Bochy declined to say whether Burrell will be on the bench for Game 4, telling reporters he would think it over, but that's only because a manager is required under major league Rule 13.4 (d) to be vague and polite and respectful of his players in that situation. Nonetheless, he should start Nate Schierholtz in Game 4 instead of Burrell, who is essentially an automatic out.
"I'd be disappointed, of course, because you want to play, but could I blame him? Probably not,'' Burrell said when asked about the possibility of being benched. "I'm not exactly swinging the bat very well, and this is a terribly important time for the team. I'll show up ready to play and we'll see.
"My night wasn't good.
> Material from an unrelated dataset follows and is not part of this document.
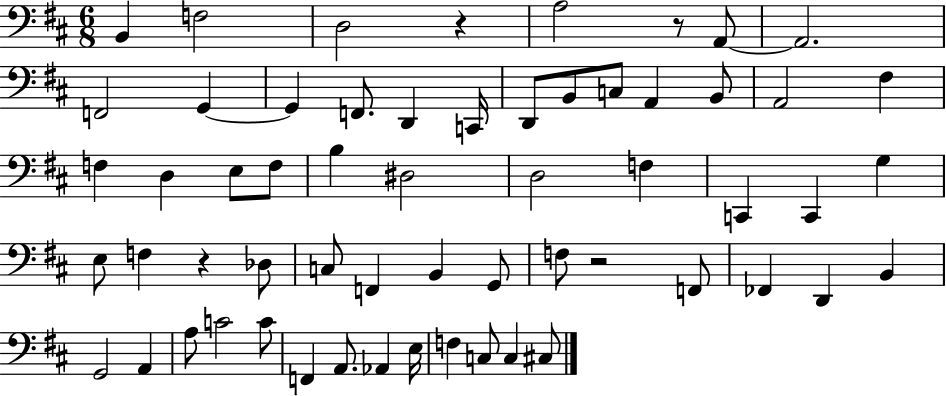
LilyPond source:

It's not exactly how you draw it up in your pregame routine. I picked a bad time to struggle. There's no way around it. I'm getting pitches to hit and not doing anything with them. I'm chasing balls off the plate and like I said, this is a bad time.''
Burrell is not the only concern San Francisco has. The other is Jonathan Sanchez who gave up four runs in 4 2/3 innings Saturday. If this series goes the distance, Sanchez stands to be the Game 7 starter, but he is not exactly inspiring confidence right now.
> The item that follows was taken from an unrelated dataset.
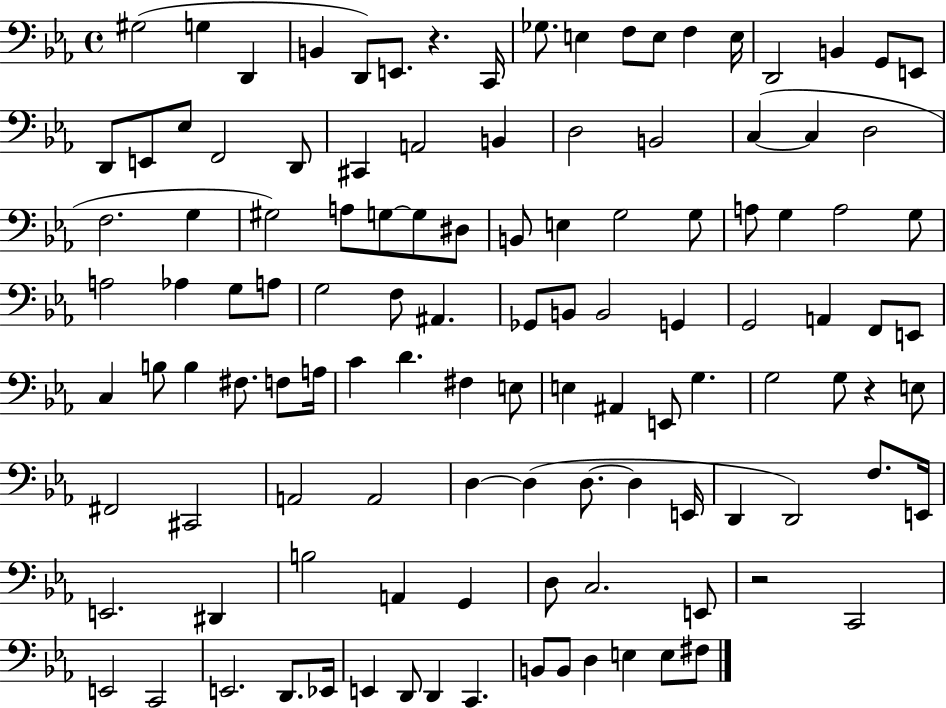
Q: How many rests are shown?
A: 3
Sanchez held opponents to the lowest batting average in the National League (.204) en route to a 13-9 record and a 3.07 ERA. But he is boldly venturing beyond 200 innings -- 213 after never having pitched as many as 170 before in his career -- and his velocity has been down in his past two starts, both of which ended short of five innings.
"He's had some time off between starts, plenty of rest,'' Bochy said. "But you know, these guys have logged some work, some innings and whether that's caught up with him, I can't answer. But I will say I thought he battled well.''
Sanchez complained about his velocity during his poor NLCS start, but he said he felt fine Saturday. Most of the damage against him came on Mitch Moreland's two-out, three-run homer on a 2-2 pitch in the bottom of the second. Sanchez very nearly got out of that inning after a leadoff double, but Moreland fouled off several two-strike pitches before finally driving a pitch into the right field seats for all the runs Texas needed.
It's funny how one pitch or one loss can make such a difference in the World Series. After the Giants won Game 2 in San Francisco, their field was filled with people posing for photos and kids running on the basepaths and everyone generally behaving as if they had just won the clinching game of a World Series. And outside the park, it was even louder.
The Giants still lead the World Series 2-1, but after Saturday's loss the situation appears much different. On top of the Burrell and Sanchez issues, Cliff Lee is now guaranteed a second start against them and the Giants must also deal with 50,000-plus screaming, claw-and-antler-wearing, "Deep in the Heart of Texas'' singing fans the next two games. This is not to suggest the Giants are in trouble, or at least, in any more trouble than a team ever is in the World Series when it must beat the other league's best team.
And there still are many positives. While they must face Lee in Game 5, the Giants also get to start Tim Lincecum against him and Matt Cain in Game 6 if necessary. And Cody Ross is still hitting -- he homered Saturday for his fifth this postseason. Plus, they have the lead.
"The big picture is we're up 2-1, and before this thing started if you had asked everyone if that would be OK, they would agree,'' Burrell said. "But we knew this wouldn't be easy.''
Jim Caple is a senior writer for ESPN.com.